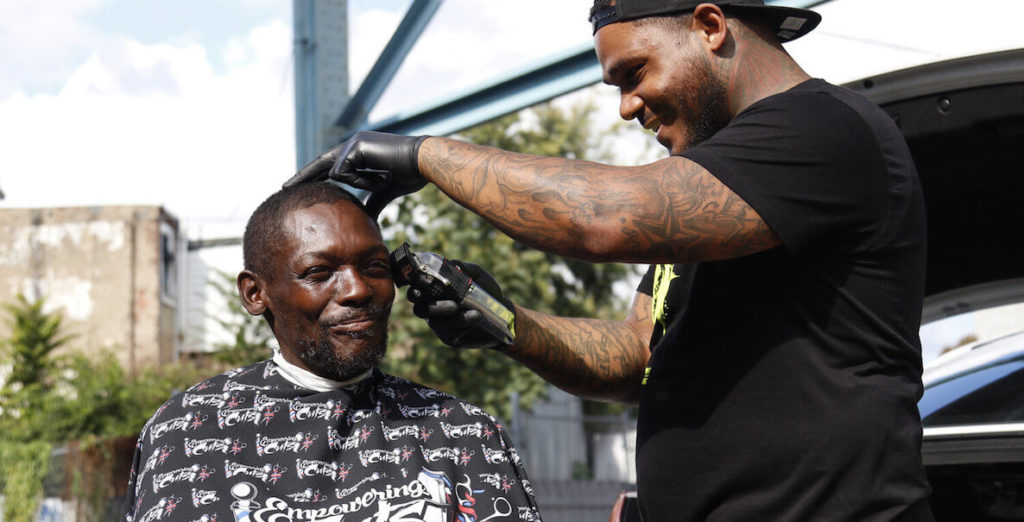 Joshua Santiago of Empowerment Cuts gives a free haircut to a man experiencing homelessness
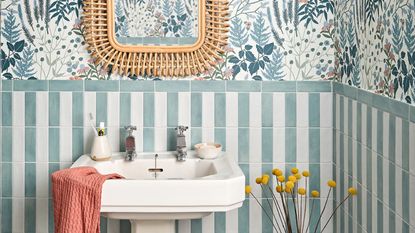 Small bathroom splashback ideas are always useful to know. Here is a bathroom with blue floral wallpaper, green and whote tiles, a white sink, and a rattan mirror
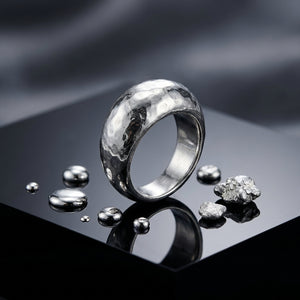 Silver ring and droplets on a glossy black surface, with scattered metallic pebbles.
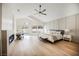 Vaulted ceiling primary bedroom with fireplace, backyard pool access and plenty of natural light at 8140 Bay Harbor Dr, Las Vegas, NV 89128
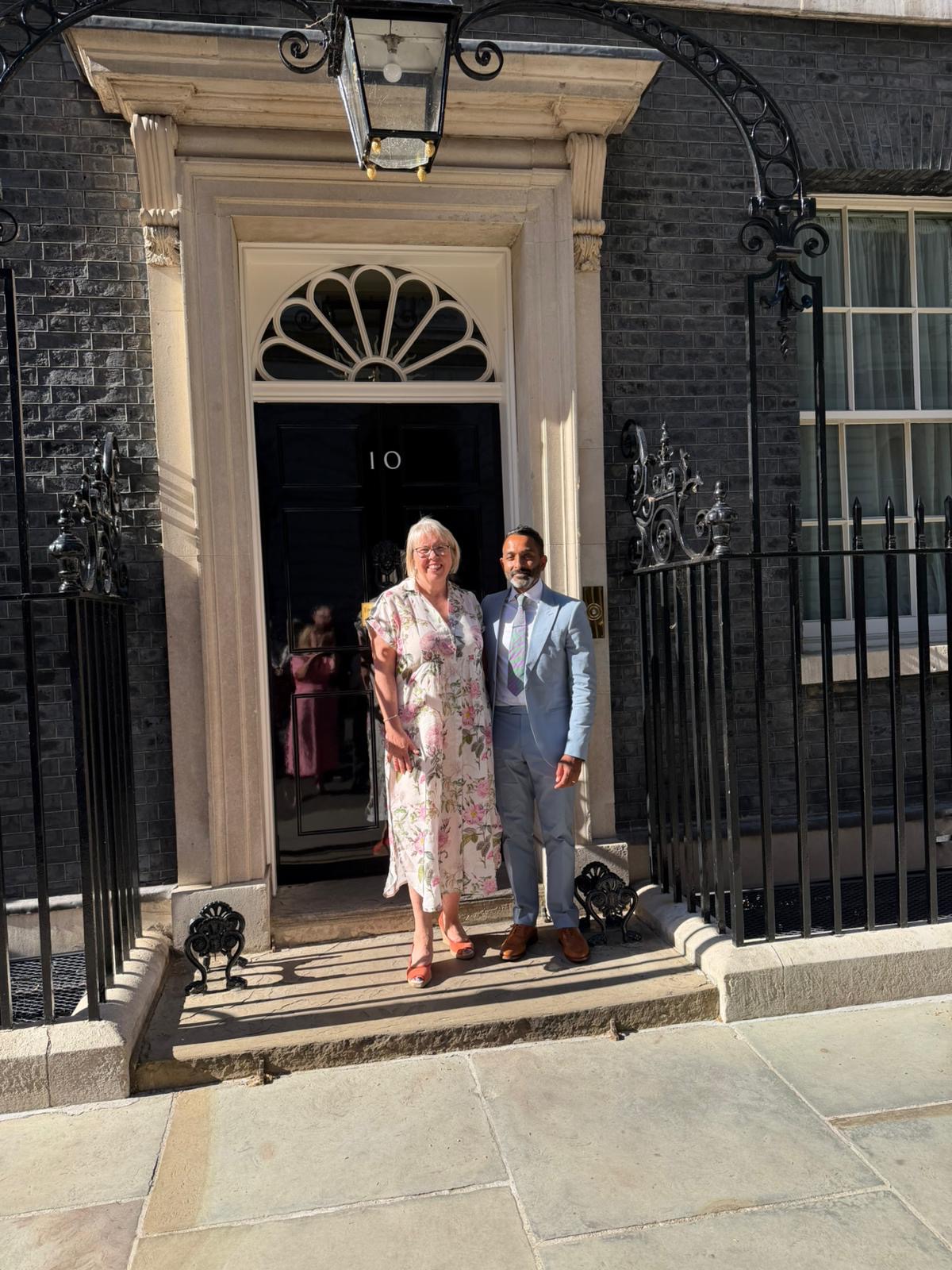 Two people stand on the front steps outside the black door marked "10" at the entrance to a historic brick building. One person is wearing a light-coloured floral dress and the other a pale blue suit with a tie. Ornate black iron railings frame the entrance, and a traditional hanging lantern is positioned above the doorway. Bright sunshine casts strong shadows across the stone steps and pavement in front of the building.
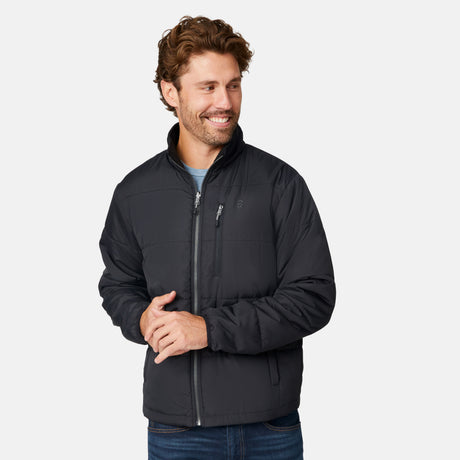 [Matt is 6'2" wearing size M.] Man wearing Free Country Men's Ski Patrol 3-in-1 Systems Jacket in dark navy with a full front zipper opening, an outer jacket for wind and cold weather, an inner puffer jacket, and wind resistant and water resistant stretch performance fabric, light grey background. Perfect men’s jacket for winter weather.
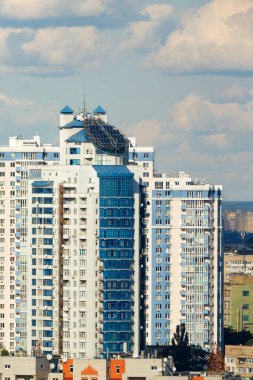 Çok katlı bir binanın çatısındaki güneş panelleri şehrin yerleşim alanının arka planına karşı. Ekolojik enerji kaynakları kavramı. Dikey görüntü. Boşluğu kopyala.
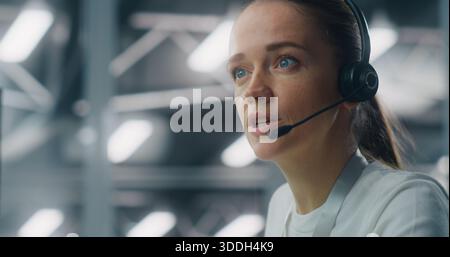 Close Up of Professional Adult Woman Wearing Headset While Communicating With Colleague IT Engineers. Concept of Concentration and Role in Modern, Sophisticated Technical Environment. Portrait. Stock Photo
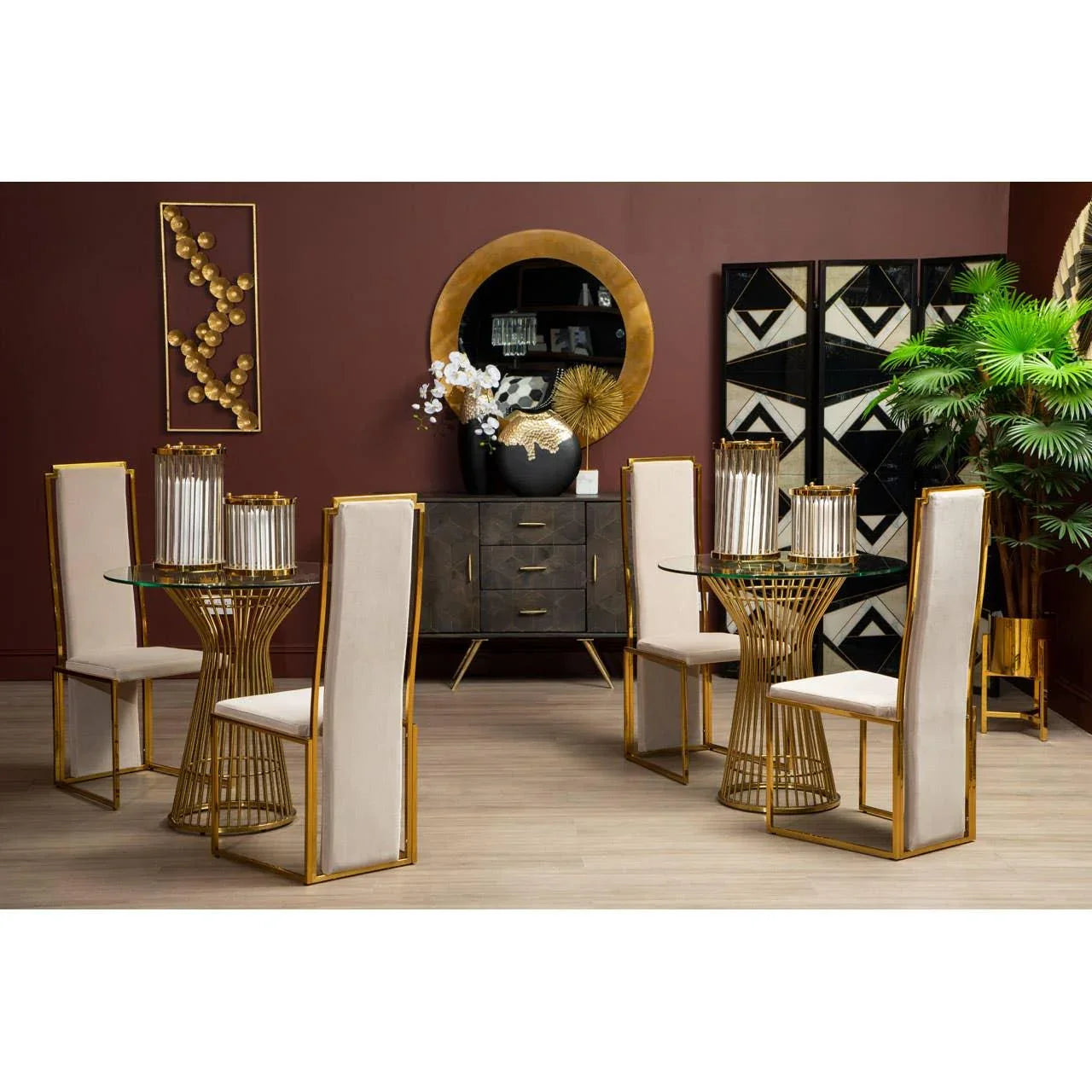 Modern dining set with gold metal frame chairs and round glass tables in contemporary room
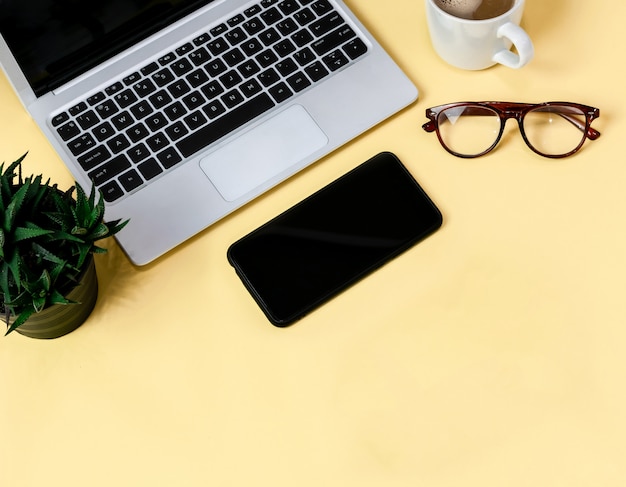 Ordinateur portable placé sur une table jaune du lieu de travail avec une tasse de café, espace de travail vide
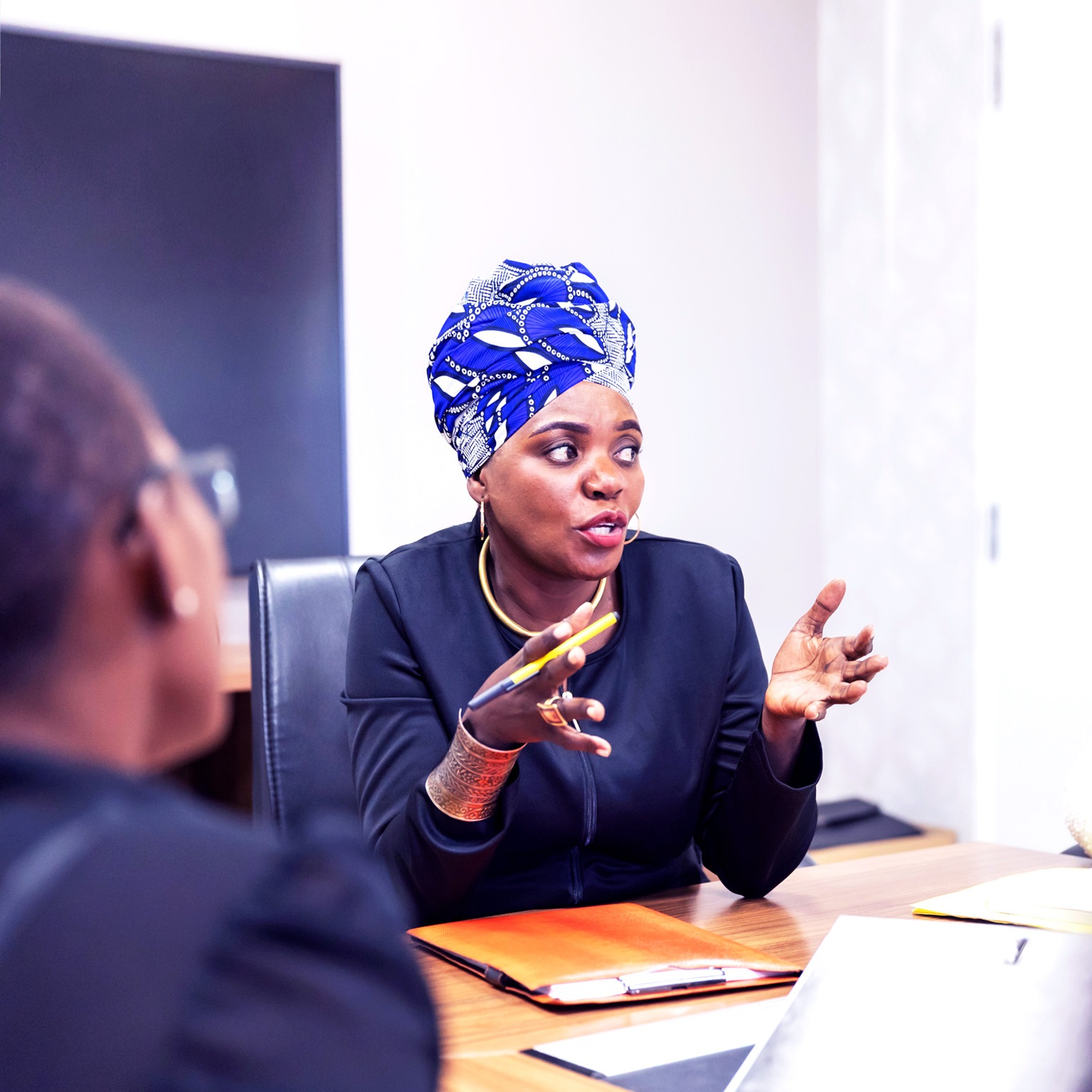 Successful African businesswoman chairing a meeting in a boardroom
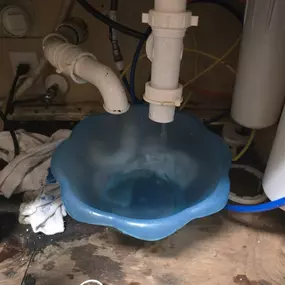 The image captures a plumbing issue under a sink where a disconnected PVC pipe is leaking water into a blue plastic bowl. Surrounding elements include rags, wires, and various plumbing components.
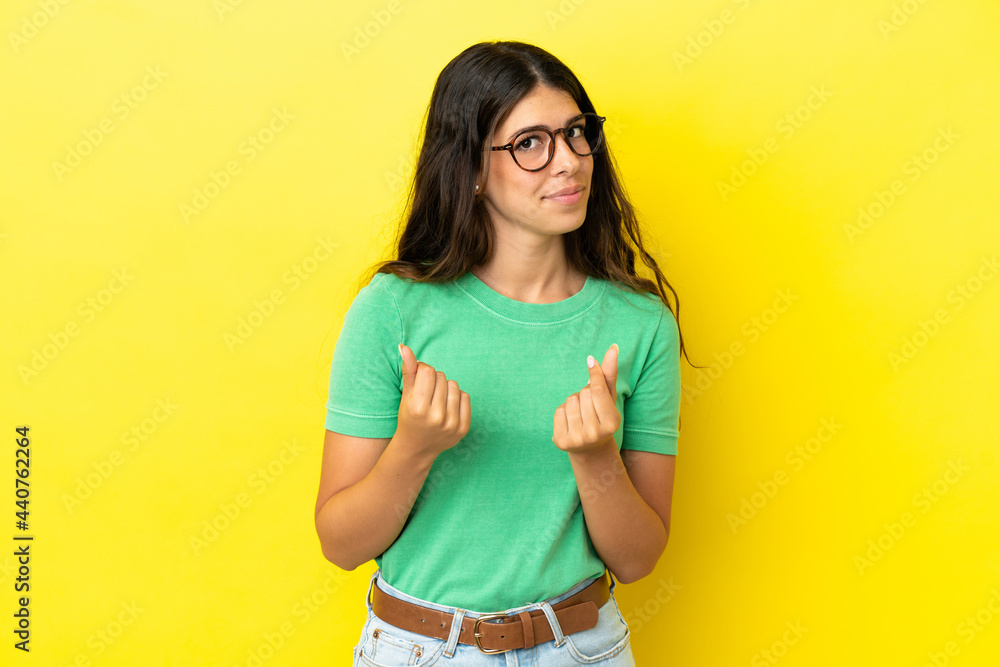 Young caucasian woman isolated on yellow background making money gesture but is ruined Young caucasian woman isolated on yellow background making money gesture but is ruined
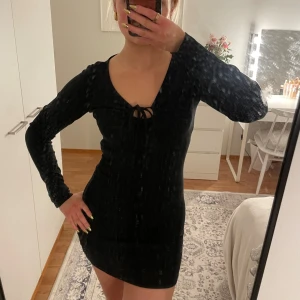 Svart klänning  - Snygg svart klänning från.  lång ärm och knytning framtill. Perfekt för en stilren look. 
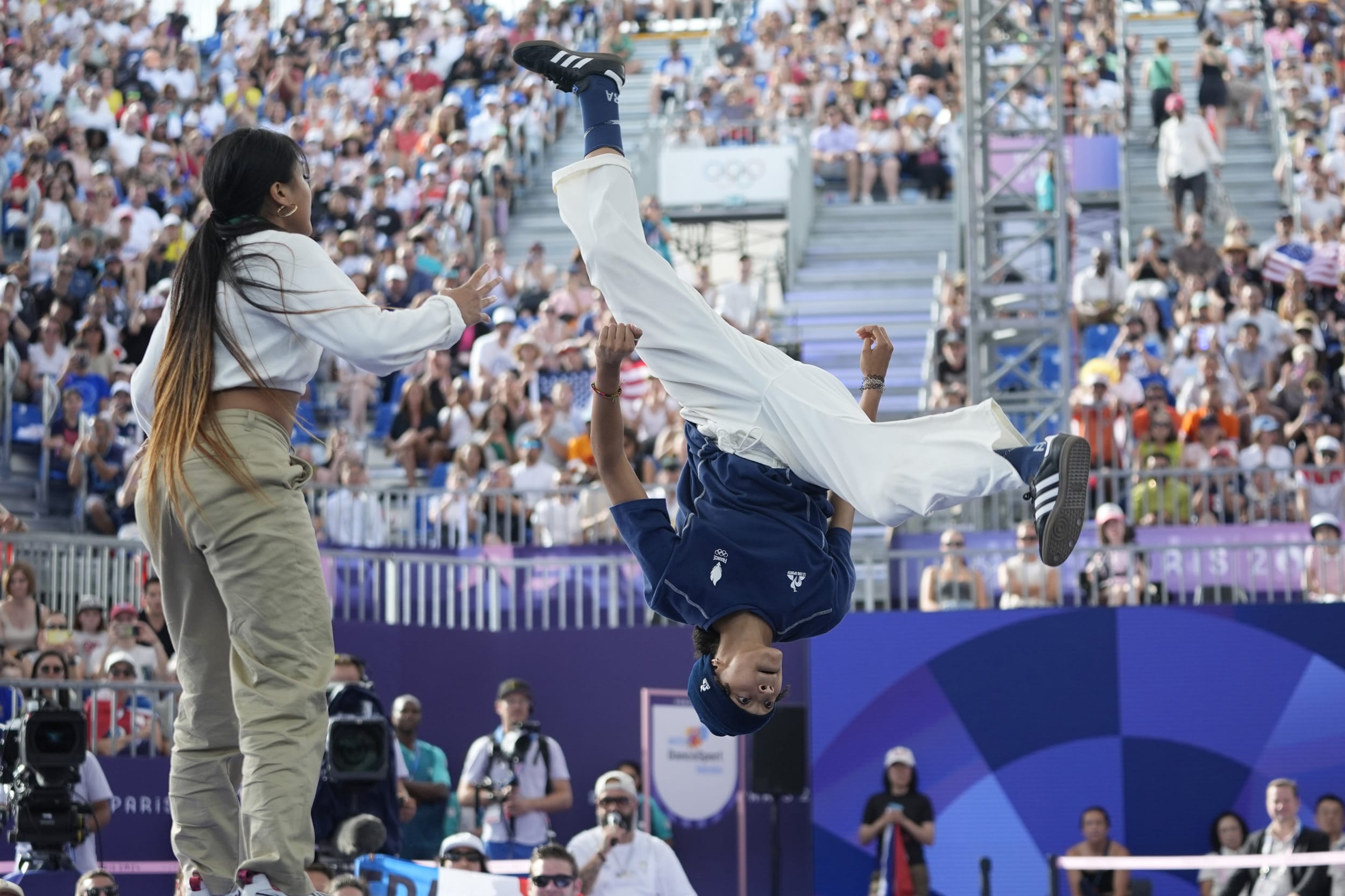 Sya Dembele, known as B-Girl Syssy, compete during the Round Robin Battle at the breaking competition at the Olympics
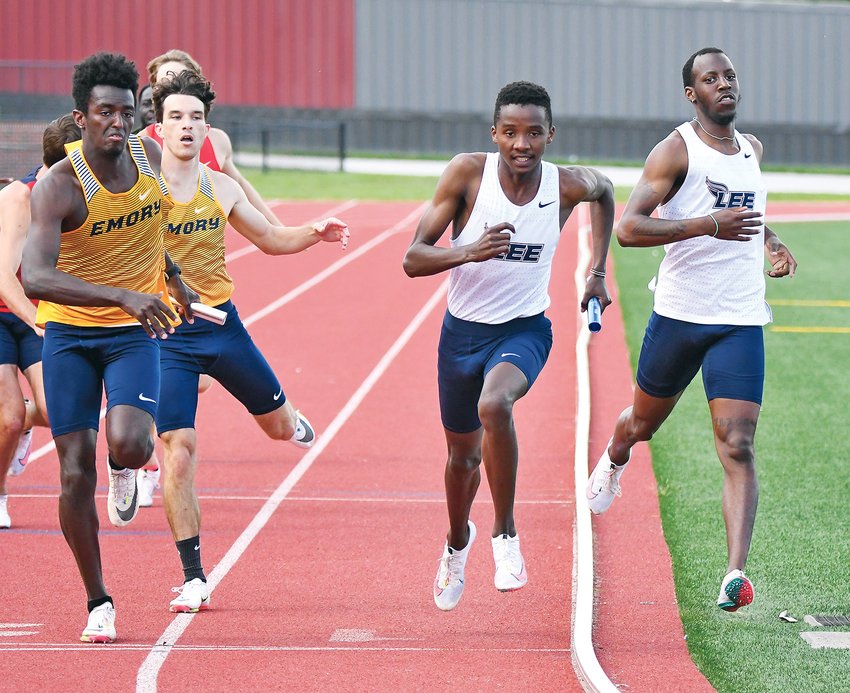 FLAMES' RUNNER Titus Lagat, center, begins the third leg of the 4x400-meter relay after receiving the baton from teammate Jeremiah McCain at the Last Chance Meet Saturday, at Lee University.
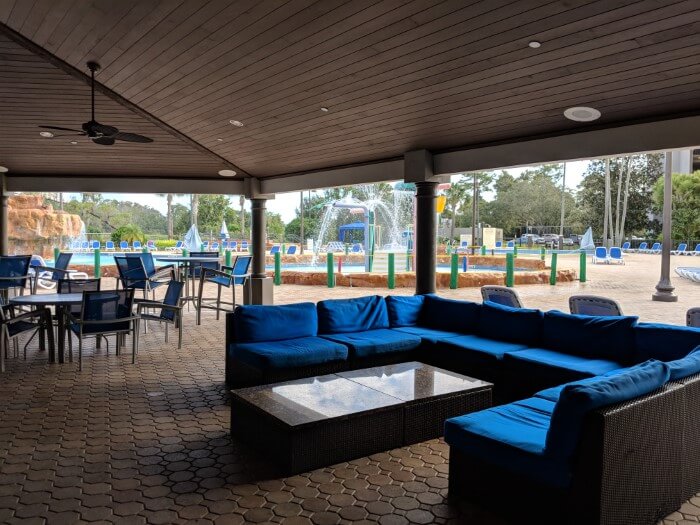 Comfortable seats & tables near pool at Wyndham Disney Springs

**What is expected:**
Output a verbatim copy of the entries and skip the pictures.

**Output below:**
 Joshua Santiago of Empowerment Cuts gives a free haircut to a man experiencing homelessness
 Small bathroom splashback ideas are always useful to know. Here is a bathroom with blue floral wallpaper, green and whote tiles, a white sink, and a rattan mirror
 Silver ring and droplets on a glossy black surface, with scattered metallic pebbles.
 Vaulted ceiling primary bedroom with fireplace, backyard pool access and plenty of natural light at 8140 Bay Harbor Dr, Las Vegas, NV 89128
 Two people stand on the front steps outside the black door marked "10" at the entrance to a historic brick building. One person is wearing a light-coloured floral dress and the other a pale blue suit with a tie. Ornate black iron railings frame the entrance, and a traditional hanging lantern is positioned above the doorway. Bright sunshine casts strong shadows across the stone steps and pavement in front of the building.
 [Matt is 6'2" wearing size M.] Man wearing Free Country Men's Ski Patrol 3-in-1 Systems Jacket in dark navy with a full front zipper opening, an outer jacket for wind and cold weather, an inner puffer jacket, and wind resistant and water resistant stretch performance fabric, light grey background. Perfect men’s jacket for winter weather.
 Çok katlı bir binanın çatısındaki güneş panelleri şehrin yerleşim alanının arka planına karşı. Ekolojik enerji kaynakları kavramı. Dikey görüntü. Boşluğu kopyala.
 Close Up of Professional Adult Woman Wearing Headset While Communicating With Colleague IT Engineers. Concept of Concentration and Role in Modern, Sophisticated Technical Environment. Portrait. Stock Photo
 Modern dining set with gold metal frame chairs and round glass tables in contemporary room
 Ordinateur portable placé sur une table jaune du lieu de travail avec une tasse de café, espace de travail vide
 Successful African businesswoman chairing a meeting in a boardroom
 The image captures a plumbing issue under a sink where a disconnected PVC pipe is leaking water into a blue plastic bowl. Surrounding elements include rags, wires, and various plumbing components.
 Young caucasian woman isolated on yellow background making money gesture but is ruined Young caucasian woman isolated on yellow background making money gesture but is ruined
 Svart klänning  - Snygg svart klänning från.  lång ärm och knytning framtill. Perfekt för en stilren look. 
 Sya Dembele, known as B-Girl Syssy, compete during the Round Robin Battle at the breaking competition at the Olympics
 FLAMES' RUNNER Titus Lagat, center, begins the third leg of the 4x400-meter relay after receiving the baton from teammate Jeremiah McCain at the Last Chance Meet Saturday, at Lee University.
 Comfortable seats & tables near pool at Wyndham Disney Springs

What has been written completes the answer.